The Relational Model for Database Management: Version 2

Author: E. F. Codd
3.0
This Month Stack Overflow 2

Comments

by anonymous   2019-07-21

Re "atomic"

In Codd's original 1969 and 1970 papers he defined relations as having a value for every attribute in a row. The value could be anything, including a relation. This used no notion of "atomic". He explained that "atomic" meant not relation-valued (ie not table-valued):

So far, we have discussed examples of relations which are defined on simple domains--domains whose elements are atomic (nondecomposable) values. Nonatomic values can be discussed within the relational framework. Thus, some domains may have relations as elements.

He used "simple", "atomic" and "nondecomposable" as non-relational informal expository notions. He understood that a relation has rows of which each column has an associated name and value; attributes are by definiton "single-valued"; the value is of any type.
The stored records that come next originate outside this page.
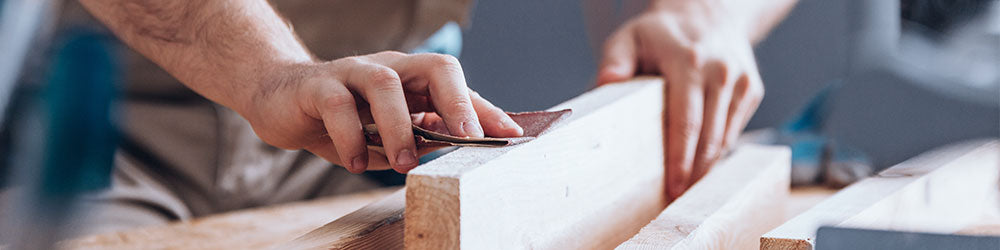 řemeslník brusný papír surového dřeva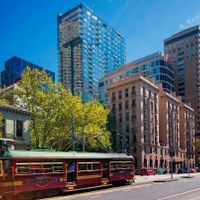 Nghỉ dưỡng cao cấp ngay khu Paris End tại khách sạn Sheraton Melbourne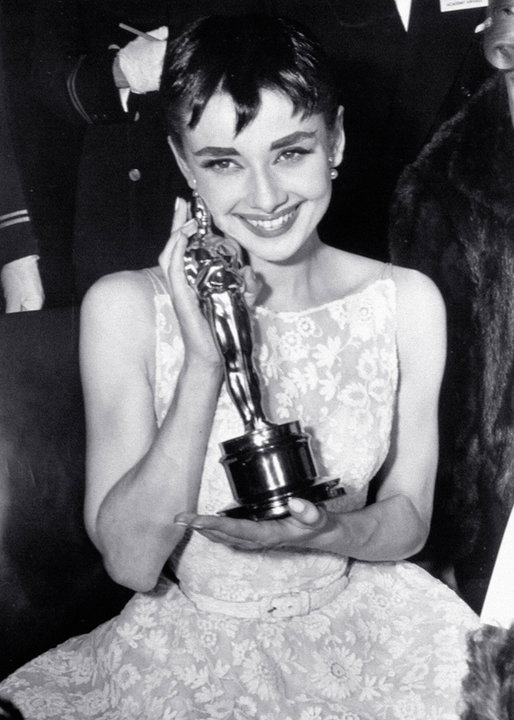 Stylizacje, które zapisały się w historii show-biznesu: Audrey Hepburn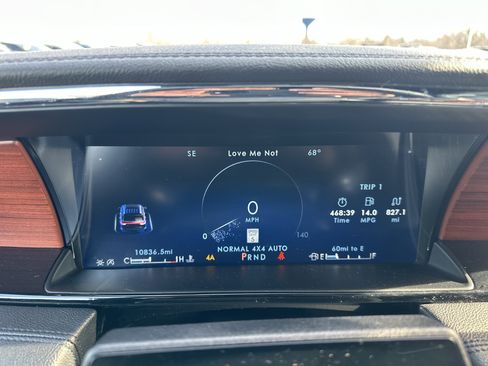 Used 2024 Lincoln Navigator Reserve image 24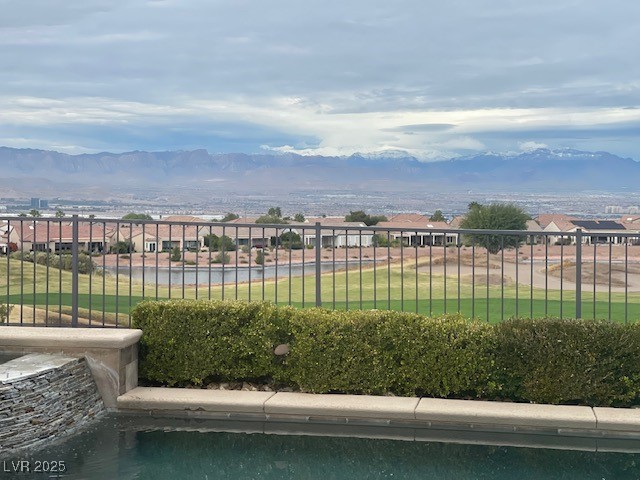 2594 Portsmouth Creek Avenue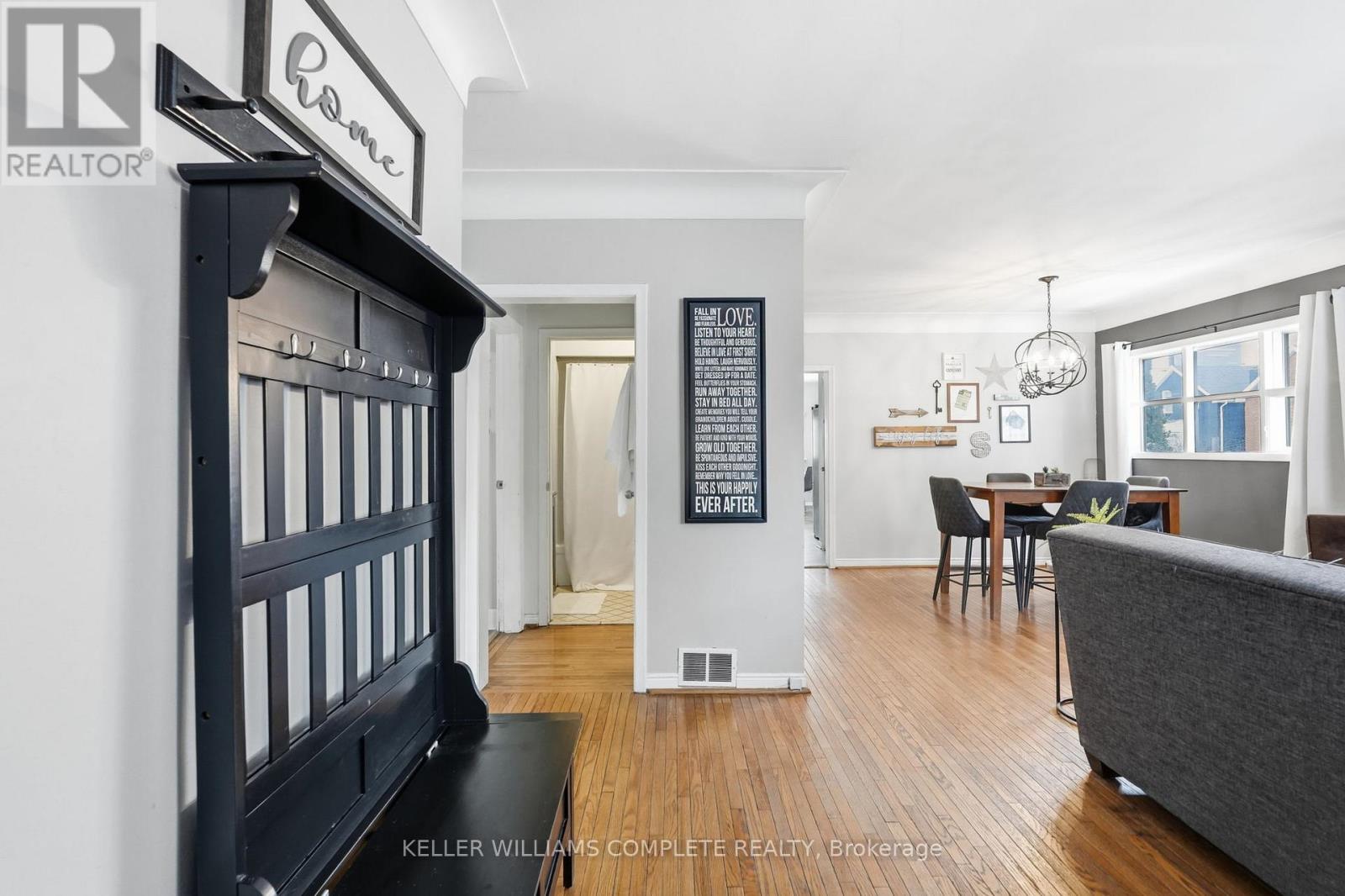 20 East 18th Street, Hamilton, Ontario  L9A 4N7 - Photo 3 - X12824288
The only structural property that matters relationally is being a relation. It is also just a value, but you can query it. Then he used "nonsimple" etc meaning relation-valued.

By the time of Codd's 1990 book The Relational Model for Database Management: Version 2:

From a database perspective, data can be classified into two types: atomic and compound. Atomic data cannot be decomposed into smaller pieces by the DBMS (excluding certain special functions). Compound data, consisting of structured combinations of atomic data, can be decomposed by the DBMS.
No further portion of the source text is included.